> _Your assignment_
From the first line to the last, set down the material exactly, leaving out its pictures.

> _Exercise data_
**********

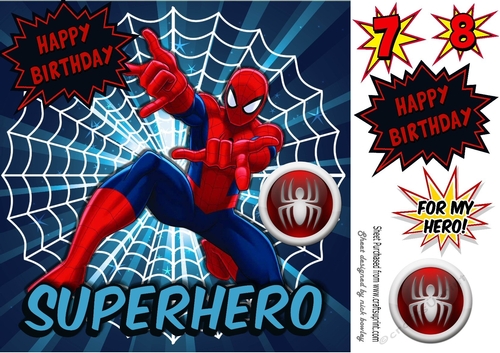 Spider man super hero (red) 8x8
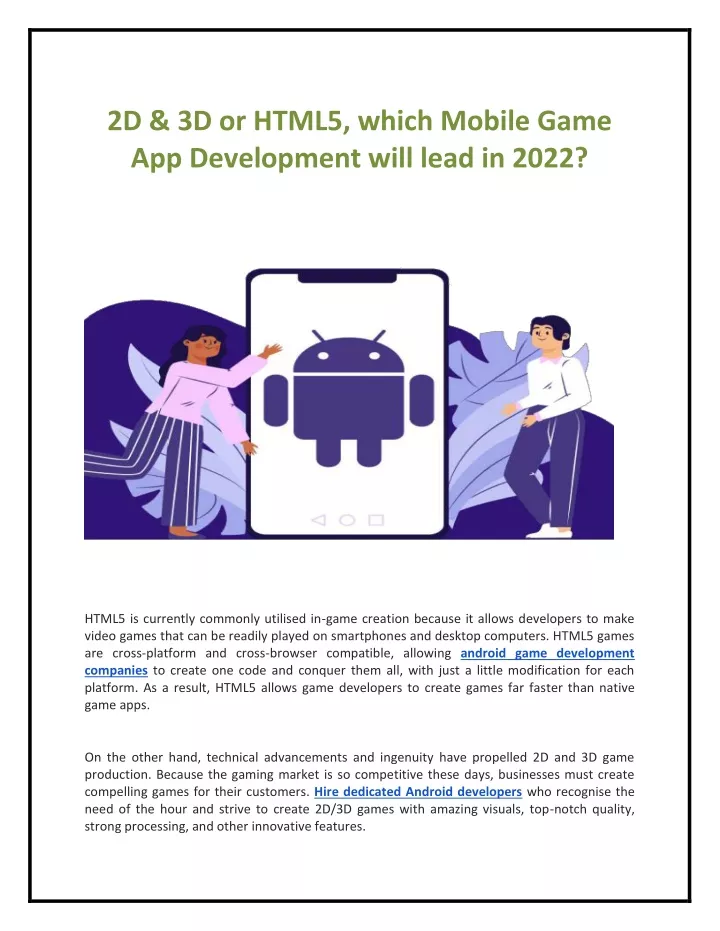 2d 3d or html5 which mobile game app development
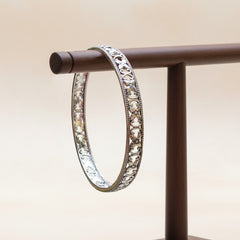 Fusionari 925 Sterling Silver Bangle for Women | Handmade Minimalist Jewelry | Unique Healing Crystal Design |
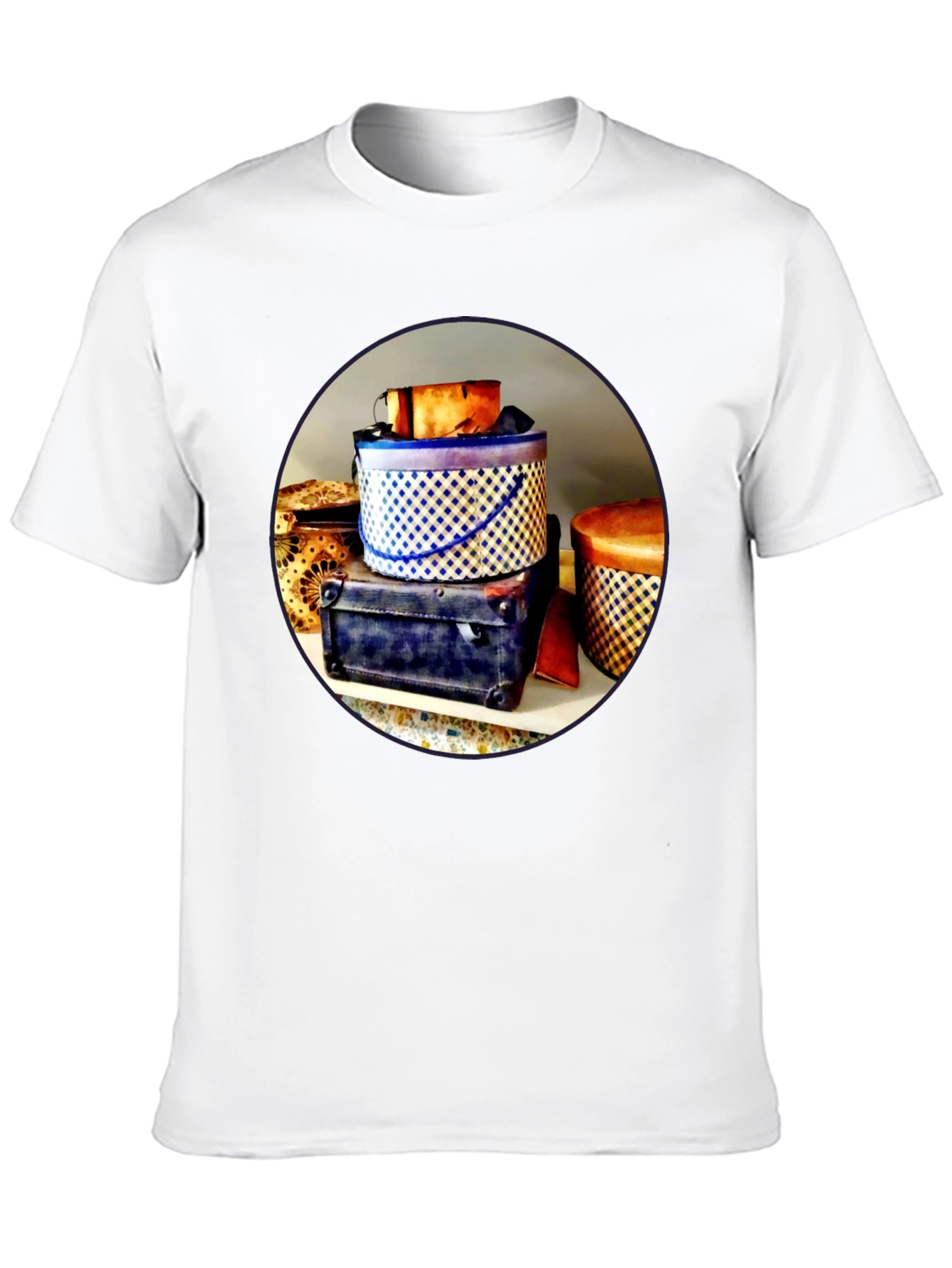 Novelty Hat Box Stack Graphic Tee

**********

> _Output of the exercise_
 Spider man super hero (red) 8x8
 2d 3d or html5 which mobile game app development
 Fusionari 925 Sterling Silver Bangle for Women | Handmade Minimalist Jewelry | Unique Healing Crystal Design |
 Novelty Hat Box Stack Graphic Tee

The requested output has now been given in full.